Sen. Olympia Snowe (R-ME) wouldn't exactly say whether she'll ultimately oppose a health care bill that includes an opt-out public option today. Speaking to reporters on Capitol Hill, Snowe promised to "continue to work on issues as this bill comes to the floor." She said that she spoke to President Obama on Friday, and with Obama "basically indicating to me that it was likely you know that the public option would be considered as part of the integrated plan between the HELP and the Finance Committee but wanted to continue to work with me in the future." (BTW: This was before Democratic aides on the Hill leaked word to reporters that the White House was still trying to pressure senators to keep Snowe's "trigger" option viable.)
Snowe also described her strategy to make sure that some form of a public option _was_ included in the final bill. She said this March, "I brought it up to the president recognizing that there would be universal opposition on the Republican side of the public option that there was a way of getting there and that was using the trigger mechanism identical to the one that was used in the part D of the prescription drug benefit plan."
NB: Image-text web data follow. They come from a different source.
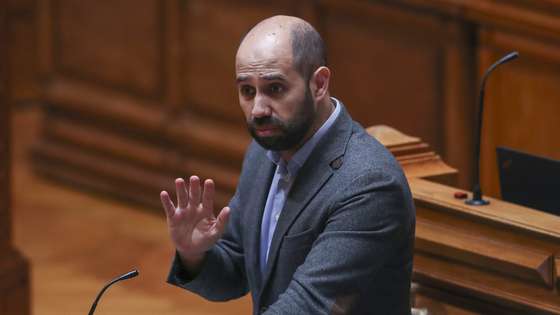 O líder parlamentar do Bloco de Esquerda (BE), Pedro Filipe Soares, intervém na sessão plenária para a discussão e votação na generalidade da proposta do Governo e dos projetos do PSD, Chega e PCP sobre acesso a metadados para fins de investigação criminal, na Assembleia da República, em Lisboa, 03 de junho de 2021. ANTÓNIO COTRIM/LUSA
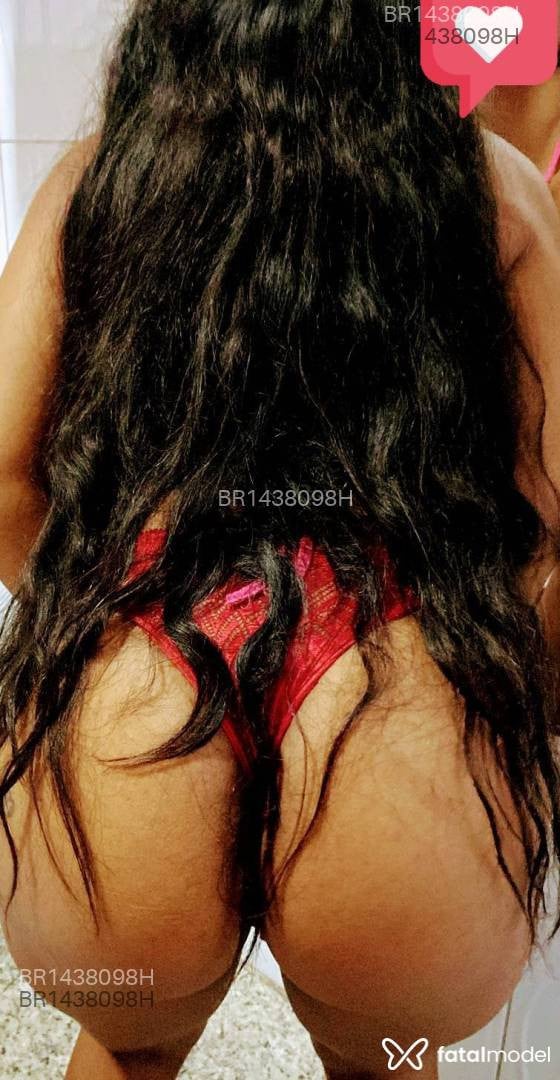 Acompanhante mulher morena (o) de olhos castanhos em Feira de Santana - Safira Novaes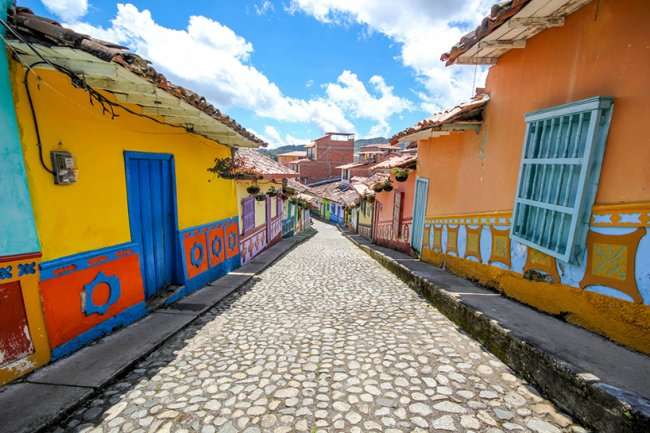 Яркий город Колумбии - Гуатапе (9 фото)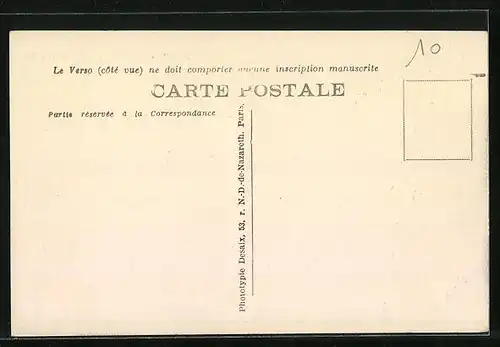 AK St-Martin-en-Campagne, La Place de l`Eglise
"I thought it was important. The president thought it was important. Chairman Baucus thought it was important to build strong bipartisan support for any health care initiative. And I saw that as a bridge for accomplishing both goals. One to make the industry perform and two to have the backstop of a public option in the event that they didn't. So I thought that that would have been sufficient rather than putting it at the forefront of the process. It really drains out any possibilities of private sector initiatives and for competition to take hold."